Case in point: Last week, my sister's step-daughter, an 18-year old in North Carolina, was seriously injured when she accepted a ride with a 25-year old she hardly knew. I don't know what kind of bike he had, but I would assume it was on the extreme end. A police officer attempted to pull him over, and he decided to flee. He was going very fast when an unlicensed 14-year old pulled out in front of him, and he died in the crash. She had multiple fractures and soft tissue injuries, but will probably recover.
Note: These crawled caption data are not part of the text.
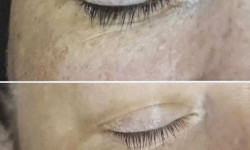 Экзосомальный пилинг   EXOPEEL PEELING SYSTEM Врач-косметолог Майя Киев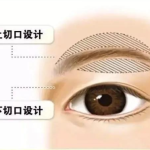 武汉协和医院提眉医生排名！热门专家盘点，技术优势与价格参考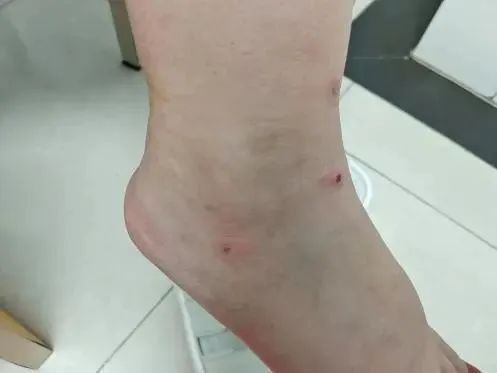 不能到医院就诊的,可用冰敷或涂抹炉甘石的方法缓解,切勿用人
I seriously doubt that this guy had taken an MSF class. If he had, he might have had more awareness of his own abilities, and known when he was crossing from reasonable fun into blatant stupidity. (He might have at least learned that cops have radios, for God's sake!) As it stood, his only role models were probably the bikers that defy the laws of physics in Hollywood movies.

So, yes, I think that a safety class would probably have helped all three of the Sacramento statistic riders, as well as the man in North Carolina. None of them had unavoidable things happen to them. MSF classes would not just have given them additional skills to become faster squids; exposure to sane riding attitudes and mature riding role models might have changed their whole mindset. I know, you can't make a stupid person smart. But, these riders might have learned that even testosterone-sodden squids can have fun riding safely.

As far as additional bike regulation goes, if there is a new law, let it be this: MSF completion certificates should be required for the rental or purchase of "Biker Boyz" or "Torque."